With the kind permission of the Provost and Fellows of Oriel College, Oxford.

 

Hanging in the senior common room of Oriel College, above the fireplace and in pride of place at the heart of the room, hangs a rather curious painting. Surrounded by dark portraits of former provosts and fellows, the painting catches the eye if for no other reason than its incongruity with the surrounding works. Depicting six men in intense discussion, its crowded frame and bright, almost fresco-like quality immediately mark it out as something different.

The painting, called Portrait of six Tuscan poets or simply Six Tuscan poets, is the work of the Italian painter and scholar Giorgio Vasari. Produced in 1544, it portrays, as its title suggests, six poets who all hailed from the region of Tuscany, the hinterland of the city of Florence and the cradle of the Renaissance. The painting’s central figure, seated on a Savonarola chair and shown in his distinct, aquiline profile, is Dante Alighieri (c. 1265-1321), author of the Divine Comedy. To his immediate right is Francesco Petrarcha, known in English as Petrarch (1304-74), who is dressed in clerical garb and holds in his hand a copy of his own Scattered Rhymes, identifiable by the cameo of Laura on its cover. Behind Dante stands Guido Cavalcanti (c. 1255-1300), author of a body of Italian love poems, who in the image can be seen pointing to the book in Dante’s hand, and Giovanni Boccaccio (1313-75), author of the Decameron. A little removed from the conversation, stand Cino di Pistoia (1270-1336) and Guittone d’Arezzo (c. 1230-1294), both likewise Tuscan poets of the dolce stil novo, the new vernacular poetry.[1]

Vasari himself was a Tuscan, born in Arezzo in the year 1511. Today, despite having produced a wide range of artistic and architectural works, Vasari is remembered not primarily as an artist but rather as Europe’s first art historian. His Lives of the Most Eminent Painters, Sculptors, and Architects, from Cimabue to Our Times, published in Florence in 1550, was an enormous compendium of biographies of the greats of the Italian Renaissance, including such well known figures as Giotto, Leonardo da Vinci, and Michelangelo. In it, Vasari not only demonstrated his own historical genius, but he birthed an entire intellectual genre – art history – that captured the spirit of an age in which artists were coming to be held in the same esteem that poets and writers had long enjoyed.
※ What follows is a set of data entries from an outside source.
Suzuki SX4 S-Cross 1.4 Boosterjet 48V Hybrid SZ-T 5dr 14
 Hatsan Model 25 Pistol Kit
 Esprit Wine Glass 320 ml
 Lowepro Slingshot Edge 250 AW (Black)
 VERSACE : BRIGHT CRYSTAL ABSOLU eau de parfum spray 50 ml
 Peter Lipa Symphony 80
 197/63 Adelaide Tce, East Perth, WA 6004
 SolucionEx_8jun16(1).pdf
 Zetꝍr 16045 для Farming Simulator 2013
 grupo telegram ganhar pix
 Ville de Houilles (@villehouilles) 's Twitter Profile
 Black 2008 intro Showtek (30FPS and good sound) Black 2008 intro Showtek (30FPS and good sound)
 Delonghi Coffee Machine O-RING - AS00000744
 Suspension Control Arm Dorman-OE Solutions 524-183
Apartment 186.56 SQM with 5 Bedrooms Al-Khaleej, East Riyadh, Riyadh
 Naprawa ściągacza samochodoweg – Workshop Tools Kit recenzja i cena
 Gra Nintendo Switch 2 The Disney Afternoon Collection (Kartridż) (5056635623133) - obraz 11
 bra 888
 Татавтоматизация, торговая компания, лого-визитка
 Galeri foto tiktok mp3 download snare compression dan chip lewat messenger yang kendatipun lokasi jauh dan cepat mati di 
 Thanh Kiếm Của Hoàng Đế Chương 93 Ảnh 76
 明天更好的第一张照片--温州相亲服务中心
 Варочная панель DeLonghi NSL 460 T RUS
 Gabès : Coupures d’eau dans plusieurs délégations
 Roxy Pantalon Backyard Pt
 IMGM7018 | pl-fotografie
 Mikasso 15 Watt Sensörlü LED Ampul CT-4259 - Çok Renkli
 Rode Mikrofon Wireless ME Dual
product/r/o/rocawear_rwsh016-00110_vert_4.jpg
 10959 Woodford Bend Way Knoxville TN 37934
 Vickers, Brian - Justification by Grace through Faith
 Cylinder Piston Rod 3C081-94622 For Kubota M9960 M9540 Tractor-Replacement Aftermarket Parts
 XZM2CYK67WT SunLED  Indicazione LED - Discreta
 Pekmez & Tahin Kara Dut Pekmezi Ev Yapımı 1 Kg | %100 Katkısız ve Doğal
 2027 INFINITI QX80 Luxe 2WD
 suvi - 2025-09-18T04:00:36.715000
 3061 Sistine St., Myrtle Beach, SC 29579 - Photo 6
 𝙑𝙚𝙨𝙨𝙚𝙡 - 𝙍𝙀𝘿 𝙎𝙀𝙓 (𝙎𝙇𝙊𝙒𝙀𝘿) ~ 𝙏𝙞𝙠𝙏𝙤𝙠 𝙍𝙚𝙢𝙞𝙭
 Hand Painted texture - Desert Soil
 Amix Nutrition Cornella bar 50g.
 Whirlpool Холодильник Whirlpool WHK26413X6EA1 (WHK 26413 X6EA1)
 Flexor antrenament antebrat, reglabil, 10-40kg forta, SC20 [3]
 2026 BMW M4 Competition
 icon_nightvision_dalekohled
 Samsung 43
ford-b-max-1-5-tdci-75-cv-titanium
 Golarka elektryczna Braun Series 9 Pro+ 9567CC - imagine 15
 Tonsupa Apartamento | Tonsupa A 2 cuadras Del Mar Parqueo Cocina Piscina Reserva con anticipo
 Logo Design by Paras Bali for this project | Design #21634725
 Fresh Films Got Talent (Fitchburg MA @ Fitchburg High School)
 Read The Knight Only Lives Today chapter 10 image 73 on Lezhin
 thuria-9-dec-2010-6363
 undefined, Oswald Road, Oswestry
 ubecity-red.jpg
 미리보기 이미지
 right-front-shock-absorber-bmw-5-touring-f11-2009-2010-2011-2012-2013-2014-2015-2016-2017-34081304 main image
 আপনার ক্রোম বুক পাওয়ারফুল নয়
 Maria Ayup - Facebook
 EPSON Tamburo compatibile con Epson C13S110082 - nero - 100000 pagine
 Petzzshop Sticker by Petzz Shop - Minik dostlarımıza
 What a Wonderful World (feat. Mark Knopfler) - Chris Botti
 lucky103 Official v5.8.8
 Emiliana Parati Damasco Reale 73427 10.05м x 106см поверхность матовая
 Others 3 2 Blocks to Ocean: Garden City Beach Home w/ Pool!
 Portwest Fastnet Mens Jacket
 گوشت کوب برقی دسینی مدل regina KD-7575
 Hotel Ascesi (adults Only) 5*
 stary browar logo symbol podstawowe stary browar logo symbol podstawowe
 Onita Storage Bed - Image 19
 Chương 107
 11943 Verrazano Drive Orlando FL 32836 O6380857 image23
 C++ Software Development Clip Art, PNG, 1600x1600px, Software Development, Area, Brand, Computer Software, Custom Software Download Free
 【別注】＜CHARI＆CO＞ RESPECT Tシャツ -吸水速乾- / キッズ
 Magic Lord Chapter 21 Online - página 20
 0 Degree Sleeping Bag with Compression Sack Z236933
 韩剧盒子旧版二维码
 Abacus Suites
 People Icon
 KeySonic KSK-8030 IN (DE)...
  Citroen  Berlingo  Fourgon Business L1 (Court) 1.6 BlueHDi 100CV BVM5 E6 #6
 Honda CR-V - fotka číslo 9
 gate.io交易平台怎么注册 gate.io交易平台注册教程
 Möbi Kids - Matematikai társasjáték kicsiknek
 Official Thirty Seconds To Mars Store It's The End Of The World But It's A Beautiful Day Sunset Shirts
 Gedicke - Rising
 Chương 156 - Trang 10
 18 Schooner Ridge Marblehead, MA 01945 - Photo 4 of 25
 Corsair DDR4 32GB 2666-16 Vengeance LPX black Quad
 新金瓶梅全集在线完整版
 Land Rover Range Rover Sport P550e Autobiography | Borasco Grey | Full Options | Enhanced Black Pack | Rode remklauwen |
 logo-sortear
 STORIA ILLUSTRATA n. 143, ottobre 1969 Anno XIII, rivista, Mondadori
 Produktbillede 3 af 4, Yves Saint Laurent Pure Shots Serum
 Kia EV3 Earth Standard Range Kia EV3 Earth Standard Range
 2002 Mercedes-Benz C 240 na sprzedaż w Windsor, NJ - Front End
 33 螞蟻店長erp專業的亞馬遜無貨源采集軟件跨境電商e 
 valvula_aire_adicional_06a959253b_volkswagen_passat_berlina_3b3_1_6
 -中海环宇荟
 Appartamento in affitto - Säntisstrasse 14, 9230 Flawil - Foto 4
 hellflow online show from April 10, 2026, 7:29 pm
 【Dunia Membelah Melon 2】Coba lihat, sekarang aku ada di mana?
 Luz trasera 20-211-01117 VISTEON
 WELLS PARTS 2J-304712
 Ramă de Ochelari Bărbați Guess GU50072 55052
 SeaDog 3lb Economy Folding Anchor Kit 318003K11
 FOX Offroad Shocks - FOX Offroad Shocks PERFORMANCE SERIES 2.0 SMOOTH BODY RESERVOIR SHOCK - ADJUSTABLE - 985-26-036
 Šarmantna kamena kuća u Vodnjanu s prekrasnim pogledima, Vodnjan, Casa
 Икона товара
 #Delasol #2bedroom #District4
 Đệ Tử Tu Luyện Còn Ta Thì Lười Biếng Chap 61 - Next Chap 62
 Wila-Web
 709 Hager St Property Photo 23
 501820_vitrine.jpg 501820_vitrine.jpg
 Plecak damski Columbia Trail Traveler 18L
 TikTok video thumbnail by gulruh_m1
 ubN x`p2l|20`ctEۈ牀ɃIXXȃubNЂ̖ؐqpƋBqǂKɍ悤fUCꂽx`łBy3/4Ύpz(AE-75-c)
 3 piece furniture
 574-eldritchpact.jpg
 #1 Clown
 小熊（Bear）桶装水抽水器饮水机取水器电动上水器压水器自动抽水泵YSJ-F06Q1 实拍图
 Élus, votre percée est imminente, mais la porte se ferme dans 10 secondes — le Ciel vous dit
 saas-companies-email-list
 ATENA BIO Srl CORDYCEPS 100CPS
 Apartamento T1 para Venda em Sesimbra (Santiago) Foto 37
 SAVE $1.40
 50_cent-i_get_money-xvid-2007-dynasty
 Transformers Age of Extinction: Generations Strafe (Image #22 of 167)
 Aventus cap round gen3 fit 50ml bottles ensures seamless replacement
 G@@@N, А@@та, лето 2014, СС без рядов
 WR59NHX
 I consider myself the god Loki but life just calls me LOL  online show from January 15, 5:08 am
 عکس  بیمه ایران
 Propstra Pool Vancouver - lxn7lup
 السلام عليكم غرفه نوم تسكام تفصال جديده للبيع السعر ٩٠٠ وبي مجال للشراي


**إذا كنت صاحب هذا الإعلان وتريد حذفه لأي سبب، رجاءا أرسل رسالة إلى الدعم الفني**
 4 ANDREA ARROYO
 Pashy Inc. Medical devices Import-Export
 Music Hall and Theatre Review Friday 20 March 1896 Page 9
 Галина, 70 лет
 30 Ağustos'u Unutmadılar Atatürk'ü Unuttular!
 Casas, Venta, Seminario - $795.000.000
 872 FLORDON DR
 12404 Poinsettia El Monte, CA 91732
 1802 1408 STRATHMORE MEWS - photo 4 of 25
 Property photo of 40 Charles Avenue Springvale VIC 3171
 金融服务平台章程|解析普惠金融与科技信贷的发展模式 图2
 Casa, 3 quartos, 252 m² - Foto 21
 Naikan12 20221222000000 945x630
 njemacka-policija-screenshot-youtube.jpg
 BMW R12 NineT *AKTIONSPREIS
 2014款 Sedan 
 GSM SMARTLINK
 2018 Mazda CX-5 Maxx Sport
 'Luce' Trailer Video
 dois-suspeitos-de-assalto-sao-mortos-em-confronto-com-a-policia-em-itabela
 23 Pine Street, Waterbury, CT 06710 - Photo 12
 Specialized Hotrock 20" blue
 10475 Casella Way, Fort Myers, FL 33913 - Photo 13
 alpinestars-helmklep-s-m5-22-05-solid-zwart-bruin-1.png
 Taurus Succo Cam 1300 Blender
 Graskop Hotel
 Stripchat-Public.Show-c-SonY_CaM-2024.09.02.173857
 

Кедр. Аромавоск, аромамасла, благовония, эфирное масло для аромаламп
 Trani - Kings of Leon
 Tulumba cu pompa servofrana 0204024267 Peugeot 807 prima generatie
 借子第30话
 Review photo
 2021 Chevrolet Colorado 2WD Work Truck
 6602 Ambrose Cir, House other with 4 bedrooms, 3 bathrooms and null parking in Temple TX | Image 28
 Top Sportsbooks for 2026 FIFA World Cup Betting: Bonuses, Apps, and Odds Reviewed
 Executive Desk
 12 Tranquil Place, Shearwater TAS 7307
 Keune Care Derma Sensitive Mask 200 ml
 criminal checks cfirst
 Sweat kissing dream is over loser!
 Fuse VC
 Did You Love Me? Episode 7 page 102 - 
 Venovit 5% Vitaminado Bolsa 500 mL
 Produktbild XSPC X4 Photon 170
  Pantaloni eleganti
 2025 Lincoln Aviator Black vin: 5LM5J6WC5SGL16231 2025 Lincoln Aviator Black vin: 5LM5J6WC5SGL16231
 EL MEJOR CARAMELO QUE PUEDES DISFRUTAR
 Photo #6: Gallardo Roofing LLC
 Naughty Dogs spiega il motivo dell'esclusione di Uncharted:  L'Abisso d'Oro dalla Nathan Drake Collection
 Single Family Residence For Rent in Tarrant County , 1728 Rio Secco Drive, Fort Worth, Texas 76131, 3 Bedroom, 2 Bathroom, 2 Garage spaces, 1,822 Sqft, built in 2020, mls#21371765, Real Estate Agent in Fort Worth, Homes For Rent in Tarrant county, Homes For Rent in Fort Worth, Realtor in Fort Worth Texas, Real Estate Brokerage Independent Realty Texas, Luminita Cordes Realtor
The Six Tuscan Poets fits into this genius of Vasari’s for the blending of art and intellectual history, but functions in reverse to the Lives. Where the Lives uses the techniques of biography in order to reveal art, the Six Tuscan Poets uses art in order to create intellectual history. It was an ideological and intellectual statement, painted to advertise Tuscan cultural supremacy in an Italy that was divided between a tapestry of polities and dialects. Since 1300, the literary output of Tuscany’s writers had been slowly establishing Tuscan as the ideal standard of the Italian language. Codifiers like Pietro Bembo (1470-1547), who published his Prose della volgar lingua in 1525, served to concrete this position by consciously holding up Tuscan models as pinnacles of poetic expression. But this growing consensus over the form of Italian had been sharply challenged by proponents of Latin, who entirely rejected Italian as a medium either of art or of scholarship. Vasari’s painting was thus, like many produced in Florence at the time, a triumphant statement of the cultural and intellectual superiority of Tuscany. The items laid out on the table before the conversing poets express their mastery of the intellectual world: astronomy, astrology, geometry, geography, grammar, and rhetoric.[2] The copy of a book of Virgil – widely recognised as the greatest Latin poet – in Dante’s hand reminds the viewer that the six were all masters of the Latin tongue and fluent in the greats of the Classical age. They wrote in Italian not because they could not write in Latin, but because they had found in the new language a mode of expression that surpassed the old. As Vasari himself declared, in the Lives, ‘Tuscan genius has ever been raised high above all others.’[3]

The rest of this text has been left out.